Any images in the material are to be dropped while every line is retyped exactly.

▶ Collected data
=====

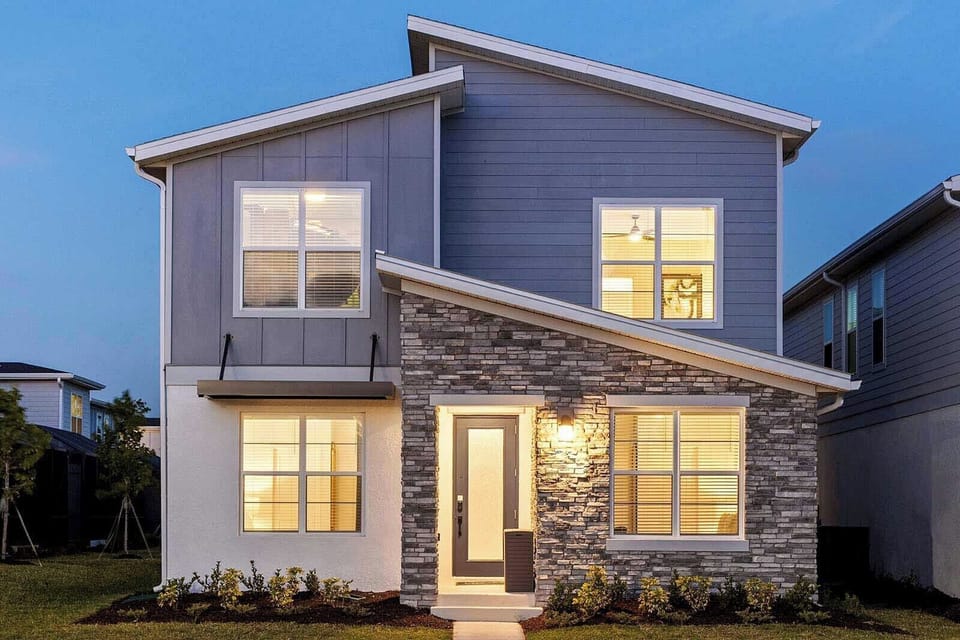 Front View at Twilight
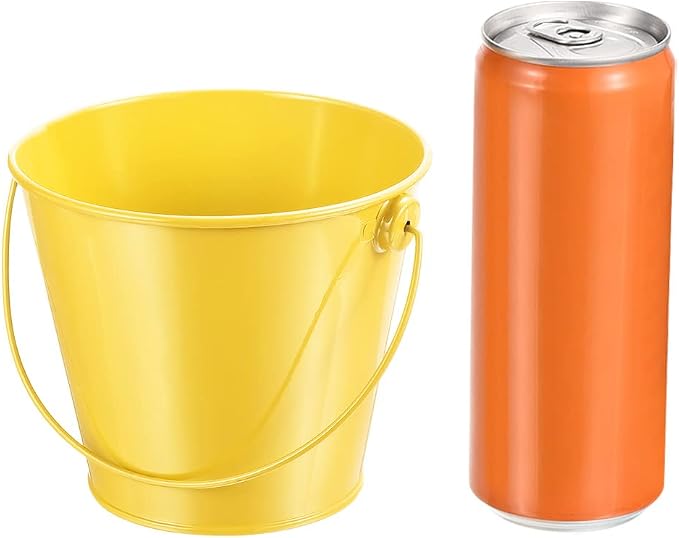 PATIKIL 4.7 Inch Colored Metal Buckets, 4 Pack Pencil Holder Buckets Round Metal Planter Pails Container with Handles for Classroom Crafts, Yellow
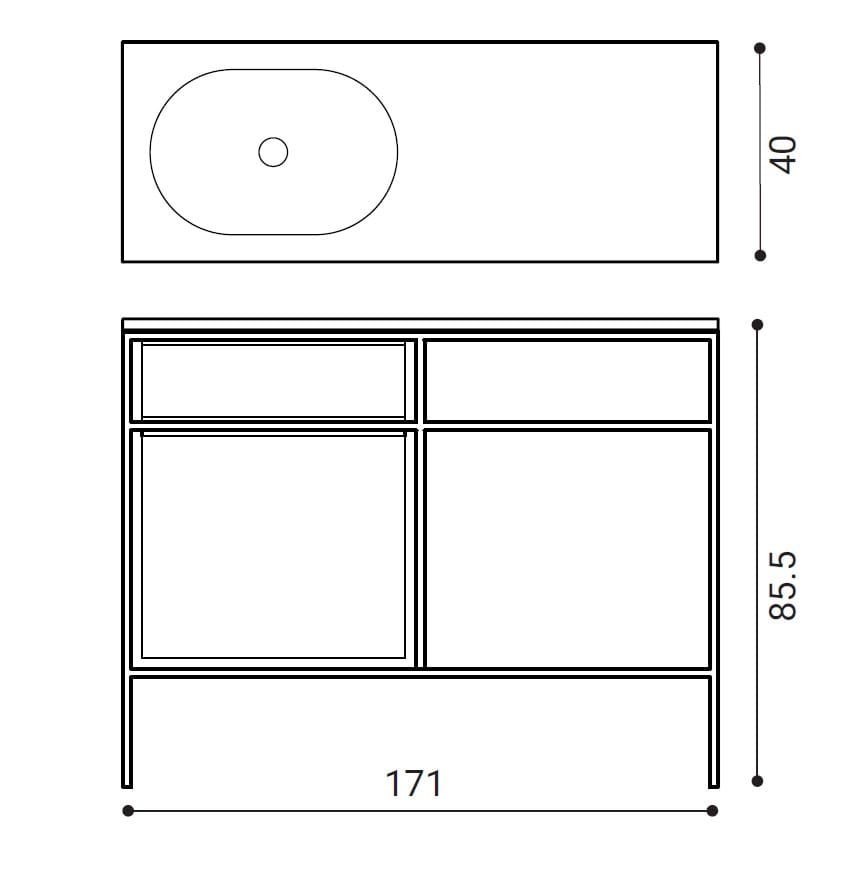 Напольный умывальник с дверцами Ex.T рамка ARCH-00074928 - Вид №6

=====

▶ Final answer
 Front View at Twilight
 PATIKIL 4.7 Inch Colored Metal Buckets, 4 Pack Pencil Holder Buckets Round Metal Planter Pails Container with Handles for Classroom Crafts, Yellow
 Напольный умывальник с дверцами Ex.T рамка ARCH-00074928 - Вид №6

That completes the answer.